I dare to plunge into water that is beyond my depth – economics! I would never have, in a million years, chosen economics as my major in college. But over the years I’ve become fascinated by the subject. Why?
If George Carlin, my inspiration for Brain Droppings, thought the biggest pile of bullshit was religion, then economics has to be a very close second. Take the exemplar of economic bullshit, former Federal Reserve Chairman Alan Greenspan – he of “irrational exuberance” – who kept insisting the “invisible hand” of the marketplace would keep our economy from going down the toilet, even as it was going down the toilet. Since Mr. Greenspan was an acolyte of the hair-brained Ayn Rand and her high Priest Milton(Chicago) Friedman, both purveyors of fiscal snake-oil, it was inevitable that his pie-in-the-sky notions would collapse under the weight of reality in the corrupt world of finance.

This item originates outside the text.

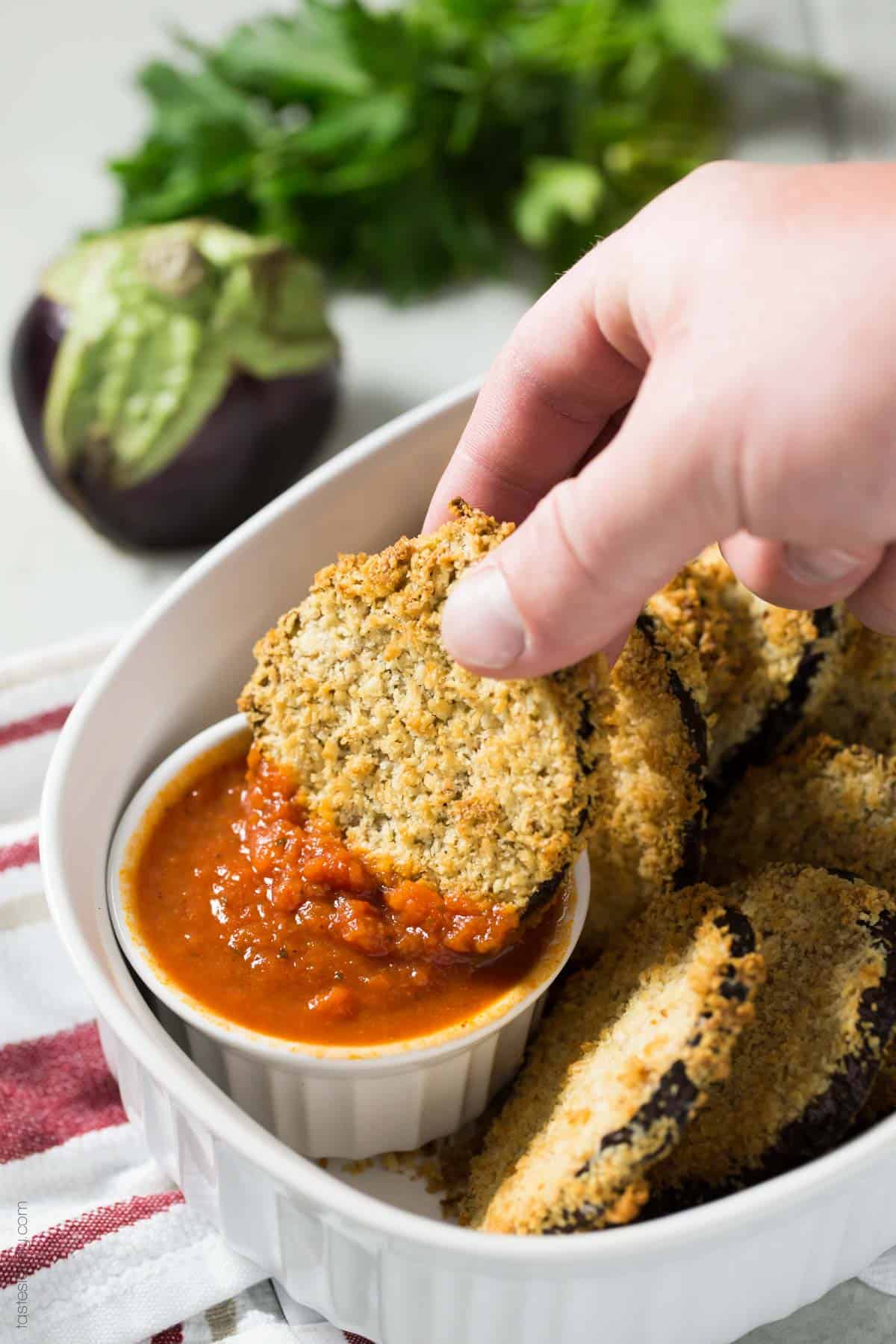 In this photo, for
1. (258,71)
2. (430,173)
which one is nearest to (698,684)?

If we could find the epicenter of the collapse it would probably be in the gambling casino of “Derivatives.” Now here’s where you and I get fuzzy-headed and bleary eyed. it is the genius of the financial cabal of crookery that makes Wall Street’s Three-Card Monte moves so opaque, slathered with oily, arcane lingo as to make your heads spin. We of the great unwashed,to avoid exploding brain cells, rely on brokers and the wizards of financial services to administrate our investments, our 401Ks, our mutual funds, our hard-earned pensions. I regret to say relying on these Wall Street foot soldiers merely delays the inevitable, for they too are deluded by the Emperor’s New Clothes, and lustily lift their voices in hosannas to the Lords of finance.

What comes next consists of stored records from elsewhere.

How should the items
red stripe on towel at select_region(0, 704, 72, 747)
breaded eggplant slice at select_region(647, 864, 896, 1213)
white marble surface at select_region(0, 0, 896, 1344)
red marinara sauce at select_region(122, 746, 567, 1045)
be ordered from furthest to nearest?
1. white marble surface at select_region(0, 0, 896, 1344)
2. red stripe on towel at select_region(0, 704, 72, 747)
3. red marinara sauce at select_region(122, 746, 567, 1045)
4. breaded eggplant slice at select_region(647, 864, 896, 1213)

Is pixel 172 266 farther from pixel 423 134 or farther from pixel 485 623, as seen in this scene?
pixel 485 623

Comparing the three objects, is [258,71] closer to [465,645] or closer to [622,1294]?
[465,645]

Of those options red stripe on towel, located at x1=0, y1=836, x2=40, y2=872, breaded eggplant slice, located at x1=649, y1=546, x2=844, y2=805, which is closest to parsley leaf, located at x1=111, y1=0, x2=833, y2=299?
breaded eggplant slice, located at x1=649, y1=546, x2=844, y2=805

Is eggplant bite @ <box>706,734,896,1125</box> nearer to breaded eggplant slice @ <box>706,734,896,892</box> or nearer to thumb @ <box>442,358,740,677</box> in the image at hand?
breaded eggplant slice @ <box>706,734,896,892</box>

I sought to understand “Derivatves” – to cut through the gobble-de-gook. One analogy helped to begin my understanding: If I buy a ticket to a baseball game – that’s an investment in the game. If I bet on the outcome – that’s a “Derivative”. So a “Derivative” is a bet, no different than what occurs with your local ‘bookie’. In our financialized society the bet is usually on whether a stock will rise or fall, whether a company will grow or fail. It has to be said that the largest share of these transactions have NO productive value other than to enhance the wealth of the investor. For each dollar in this crap-shoot only about five to ten cents goes to producing something useful. In recent years the astronomical sum of 60 trillion dollars, four times the GDP of the U.S., were bet in the “Derivatives” gambling halls according to Nouriel Roubini in his “Crisis Economics – A Crash Course In The Future Of Finance.” The way to offset or hedge these bets is to purchase insurance known as Credit Default Swaps. “However, unlike the purchaser of an insurance contract, the purchaser of a CDS didn’t have to actually own the asset that was the subject of the bet. Worse, anyone who had placed a bet that someone would default had every incentive to make this happen. Purchasing a CDS was akin to buying homeowners insurance on a house you didn’t actually own – and then trying to set fire to it.”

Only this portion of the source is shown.